Affix rules optionally follow each word in the dictionary file. These are separated from the word using a slash. Each file uses one of two formats. It will generally be obvious which one is which. Affix rules tell you what prefixes and suffixes (affixes) can apply to the word. I will describe as much as you need to know. There are additional details at http://sourceforge.net/docman/display_doc.php?docid=29374&group_id=143754
Explicit affix rules look like a string of letters and numbers after each word. This is the most common type. For example, here are some lines from the French file:
aberrante/LMF aberration/LMS aberre/jnu aberré aberrer/nM
Each one of the letters indicates a rule that can possibly apply. You can see that aberré has no rules. This is OK. The other words have a sequence of rules: each rule is identified by a unique letter. Case matters so "F" is different than "f".
Each rule is in the .aff file for that language. The rules come in two flavors: SFX for suffixes, and PFX for prefixes. Each line begins with PFX/SFX and then the rule letter identifier (the ones that follow the word in the dictionary file:
PFX <rule_letter_identifier> <combineable_flag> <number_of_rule_lines_that_follow>
You can normally ignore the combinable flag, it is Y or N depending on whether it can be combined with other rules. Then there are some number of lines (indicated by the <number_of_rule_lines_that_follow>) that list different possibilities for how this rule applies in different situations. It looks like this:
PFX <rule_letter_identifier> <number_of_letters_to_delete> <what_to_add> <when_to_add_it>
SFX B Y 3 SFX B 0 able [^aeiou] SFX B 0 able ee SFX B e able [^aeiou]e
If "B" is one of the letters following a word, then this is one of the rules that can apply. There are three possibilities that can happen (because there are three lines). Only one will apply:
- able is added to the end when the end of the word is "not" (indicated by "^") one of the letters in the set (indicated by "[ ]") of letters a, e, i, o, and u. For example, question → questionable
- able is added to the end when the end of the word is "ee". For example, agree → agreeable.
- able is added to the end when the end of the word is not a vowel ("[^aeiou]") followed by an "e". The letter "e" is stripped (the column before able). For example, excite → excitable.
PFX rules are the same, but apply at the beginning of the word instead for prefixes.

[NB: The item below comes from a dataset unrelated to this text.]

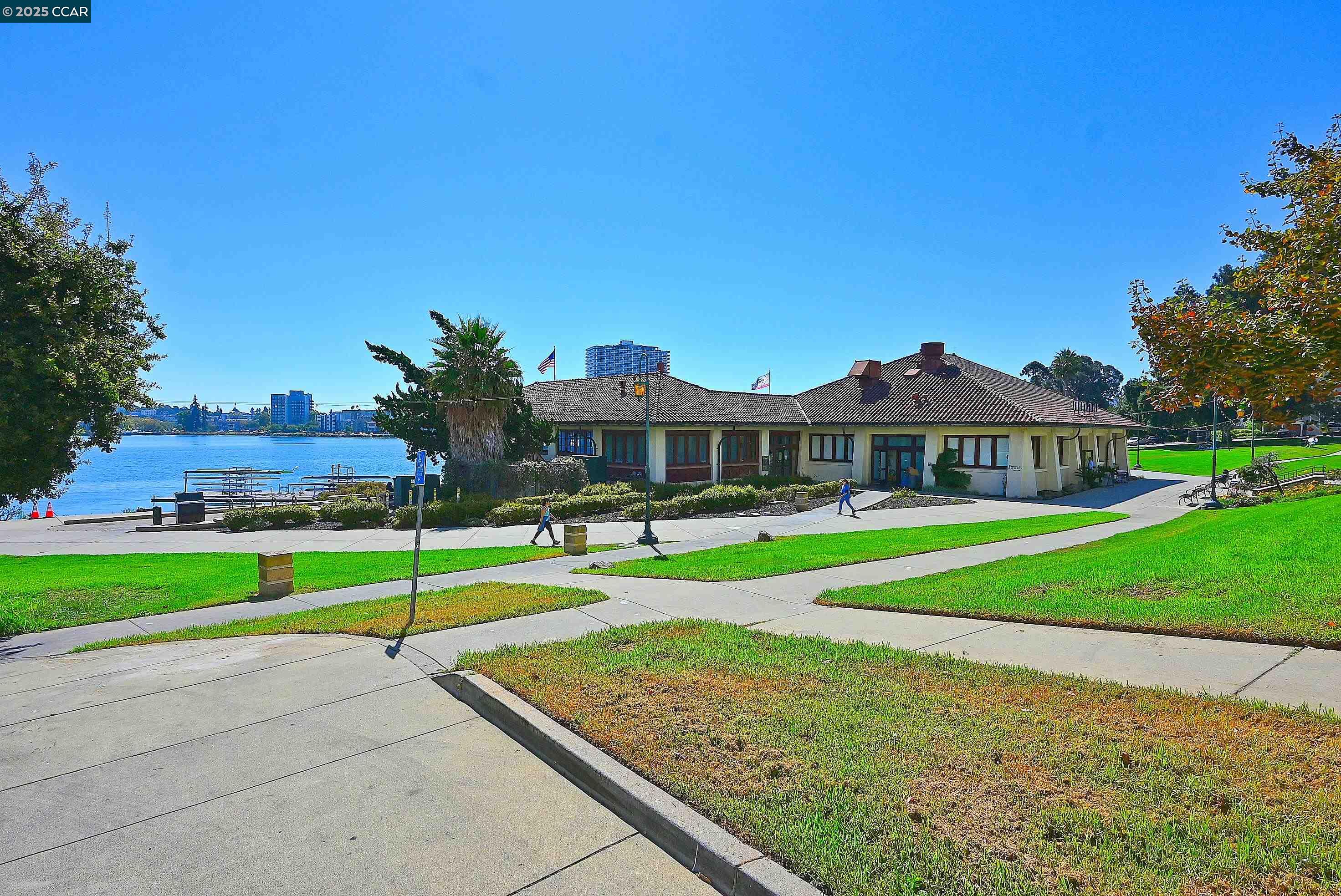 Detail Gallery Image 35 of 38 For 1555 Lakeside Drive #184,  Oakland,  CA 94612 - 2 Beds | 2 Baths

Some dictionaries use numbers instead of a list of affix rules. Each number is a unique combination of rules, which is convenient since there are usually not very many unique combinations of rules that can apply. This just means an extra step. For example, the English dictionary has:
Abeu/6 abeyance/7 abeyant Abey/6
You can see that abeyant has no rules, so it is never conjugated. The other rules are 6 and 7. To see what these are, look up in the .aff file. The "AF" lines you which set of rules correspond to each number. For example, the en-US.aff file has a bunch of lines like this:
AF mn # 1 AF 1n # 2 AF pt # 3 AF p # 4 AF ct # 5 AF M # 6 AF MS # 7 AF DGLRS # 8
You can then see that 6 corresponds to the rule sequence "M" and 7 corresponds to the rule sequence "MS". You would look these sequences of rules up just like the explicit affix rules discussed above. So you look up in the PFX and SFX lines and find the rule for "M" is:
SFX M Y 1 SFX M 0 's .
Which means to make it possessve. For example, Abey → Abbey's.